Visiting the spacecraft of the “heptapods” the scientists discover that the aliens have an advanced circular language which is communicated via ink flares and in which whole thoughts appear in ink circles within seconds, regardless of the complexity of the sentence. Louise also beings to dream of her daughter and the father.
When Louise unravels that the aliens want to “offer weapon” to them, similar translations of “use weapon” are uncovered at other spacecraft sites. Certain countries like China respond by closing off global communications, while other prepare for an attack. Louise further argues that weapon might mean tool in this case. Some US soldiers plan to bomb the spacecraft and succeed.
After an explosion goes off which almost kills Ian and Louise, Ian determines that the circular symbols relate to time, and that the twelve alien sites are each sharing part of the technology.
China prepares for war, and Louise finds her way back to the aliens. They explain that she has been seeing the future and that their tool AKA language allows humanity to change their understanding of time. They offer this gift in exchange for help 3000 years into the future. Louise returns to camp but has a vision of the future wherein the UN has implemented the language and the Chinese general who ordered the attack on the heptapods is thanking her for turning him around.
She was able to do this by calling him on his personal mobile in the present, while he shows her his number in the future – she convinces him of the truth in the present by repeating the same whispers of his wife’s dying words to her in the future. This is when we learn that Ian is the father of Hannah and the husband of Louise. It just hasn’t happened yet. Ian admits his love for Louise, while Louise knows the reason they eventually split up is because Louise knows Hannah will die.
Despite this future knowledge, when Ian talks about babies with his wife, she agrees to it.
Pros: The plot twists are original, the story is realistic, and the tone is gripping. The idea of language is carried throughout the film, and somehow we are taken right along with it, to a very satisfying conclusion. Amy Adams is a showstopper in this film.
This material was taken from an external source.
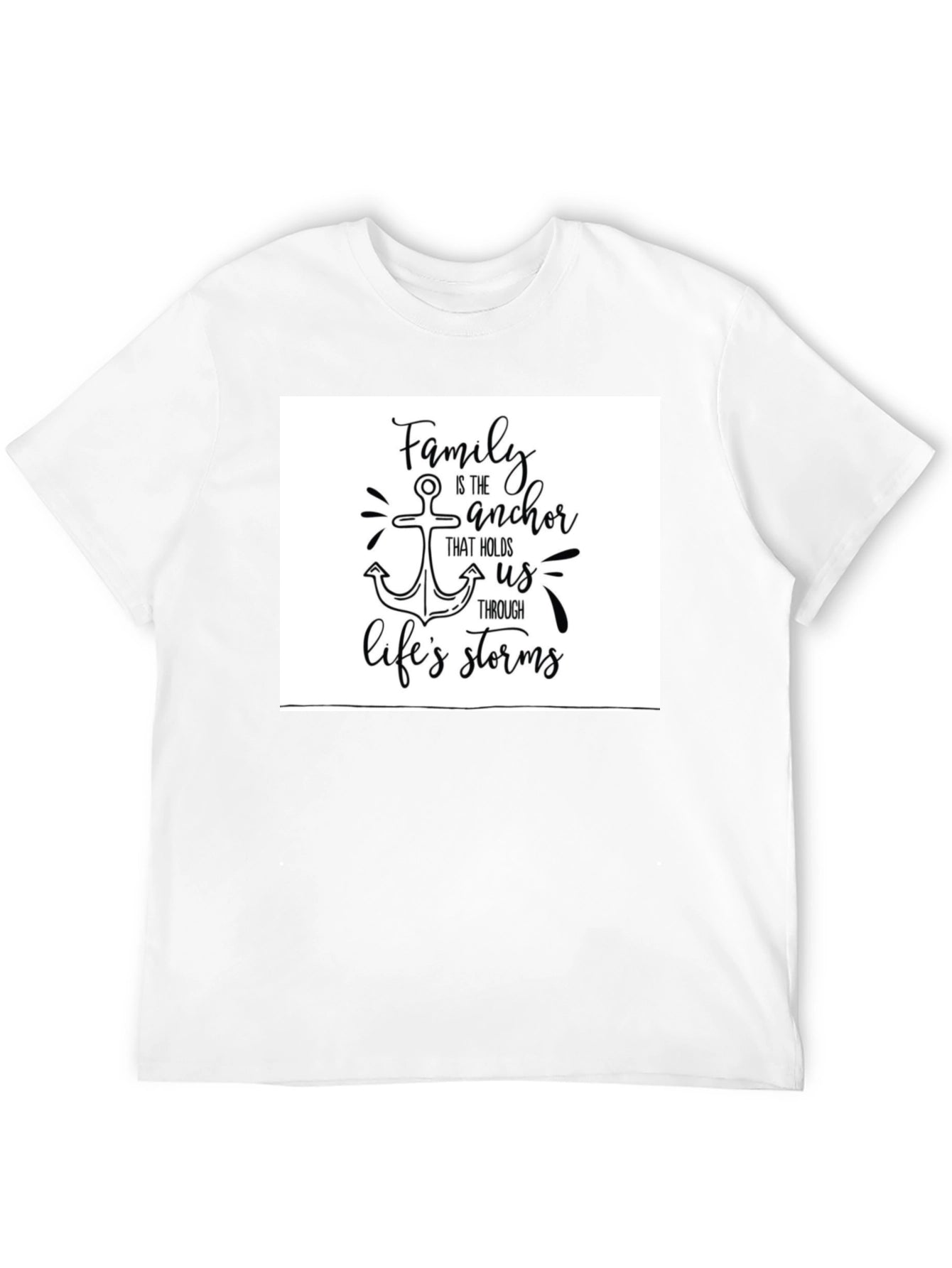 Family is the Anchor T-Shirt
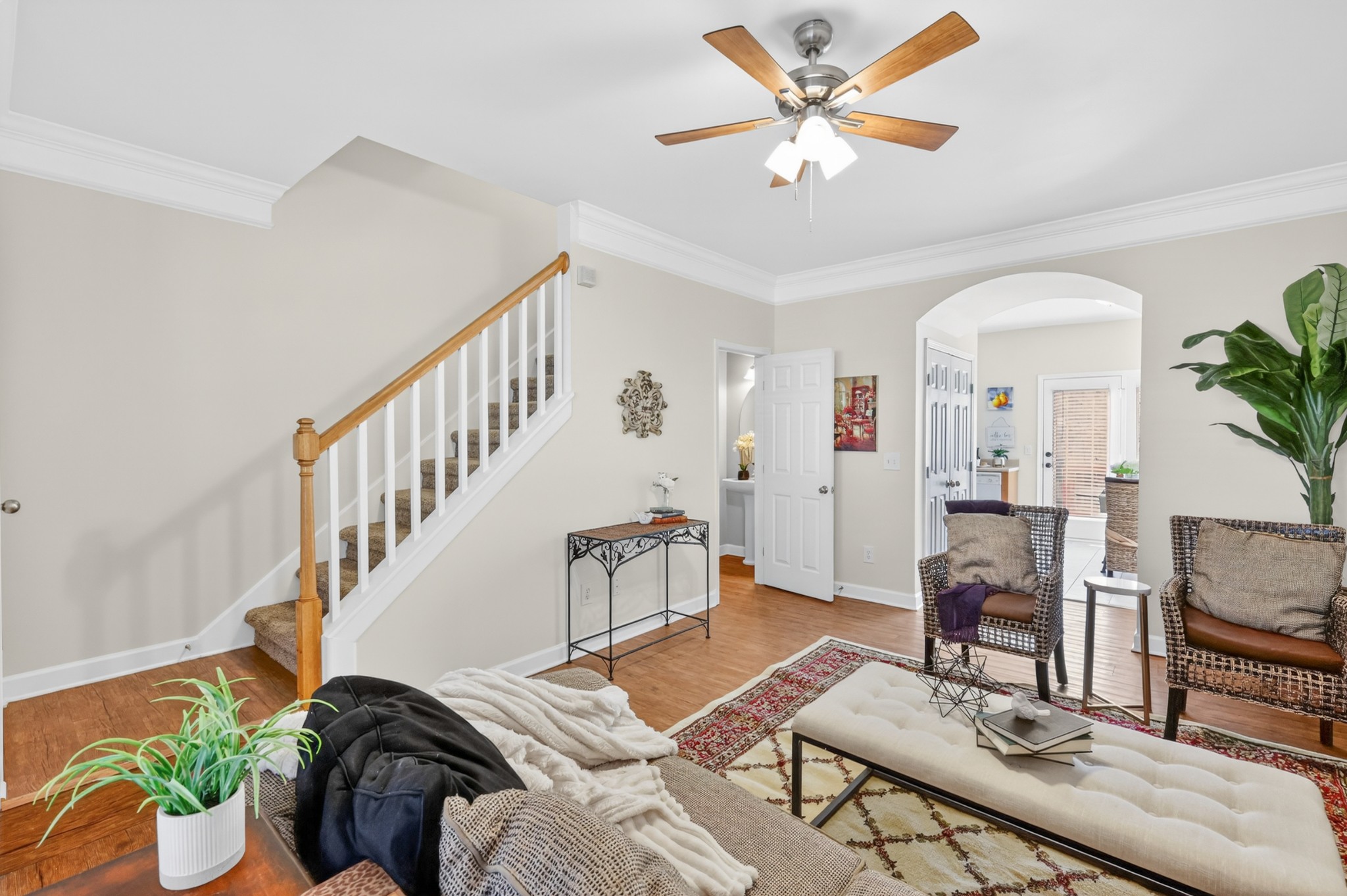 3535 Bell Road, Unit 103 Nashville, TN 37214 - Photo 6 of 29 a living room with furniture and a table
Cons: At times the moodiness and melancholy are a bit much to take in. You need to be completely relaxed and willing to sit still for the full runtime in order to enjoy the payoff. The details are key in this story and Villeneuve is relying heavily on them. It’s a thinking persons’s scifi.
Runtime: 1 hour 56 minutes
Points of Interest: The ink circles were created by Montreal artist Martine Bertrand. Yay Canadian content! It is also the artist’s son who created Hannah’s drawings. The movie is based on a short story titled Story of Your Life by Ted Chiang.
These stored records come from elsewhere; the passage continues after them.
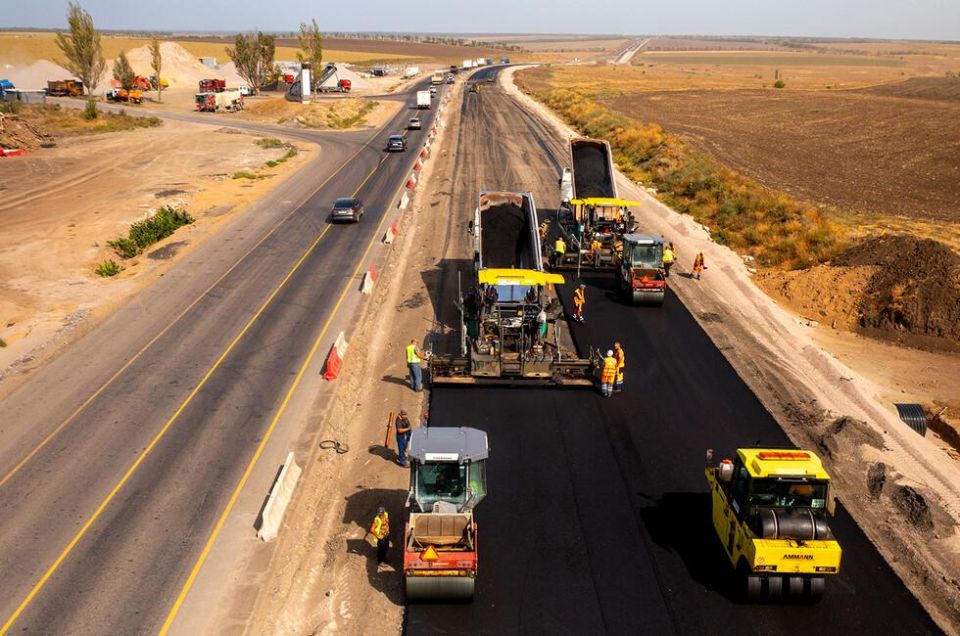 Проезд от Ростова до Крыма по сухопутному коридору составил чуть более 9 часов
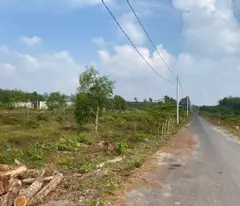 BÁN NHANH lô đất 268 mặt tiền nhựa 5m Thị trấn Long Hòa Dầu Tiếng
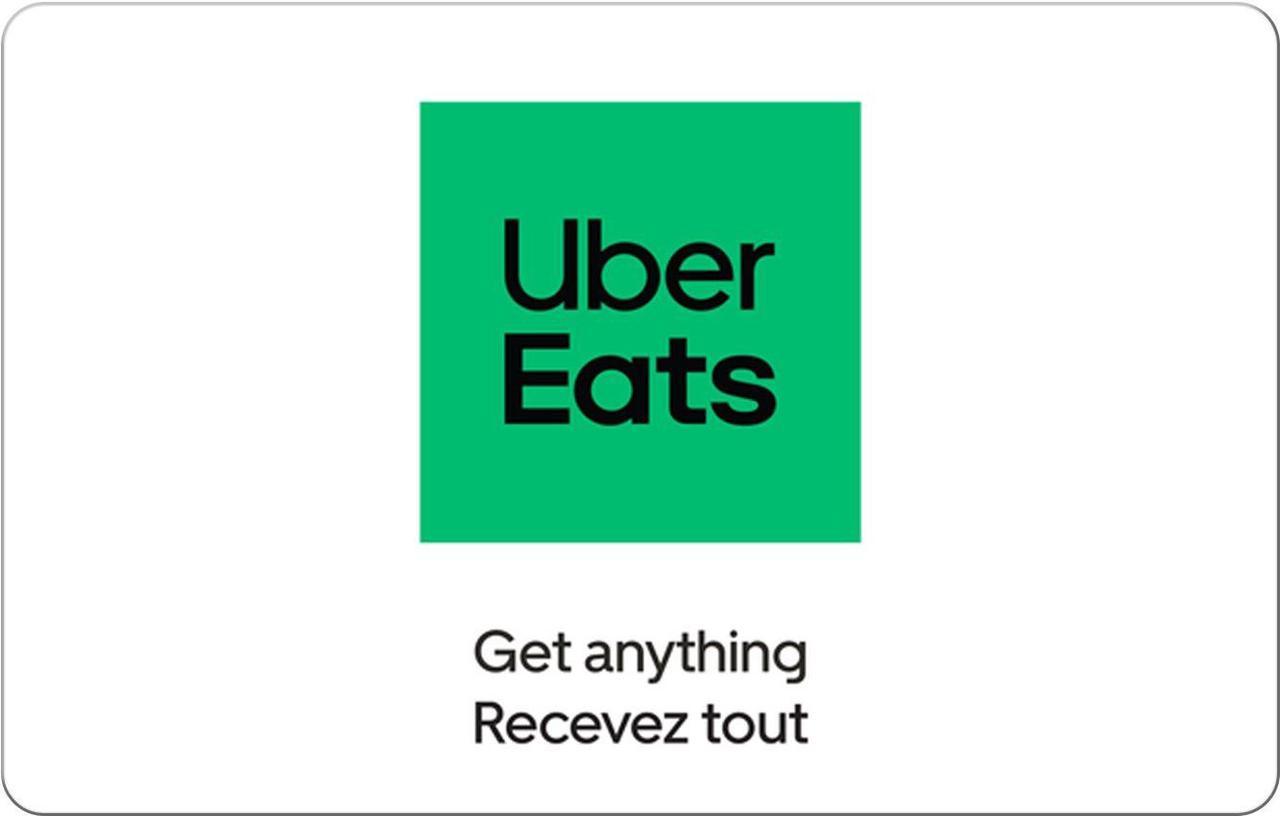 Uber Eats $25 Gift Card (Email Delivery)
It might seem obvious at this point what Arrival is about. Aliens. Well no, actually. It’s about time and the relationships between people define our sense of time. Language is merely an activator towards that resulting outcome, and once we can appreciate another language, we open ourselves up to visiting and revisiting themes of our lives, and in some cases, becoming available for new ones.
I cannot say enough good things about this film. I have to admit when I first sat down to watch it, I was a little bit tired and disappointed at how slowly paced it was, but then on a second viewing, starting over, which I find a tad ironic now, I was able to settle into Villeneuve’s dirty sci-fi and appreciate the thoughtfulness. And I kept thinking about it all week, which is what a good movie should have you do. The arrival of this realization was worth the wait.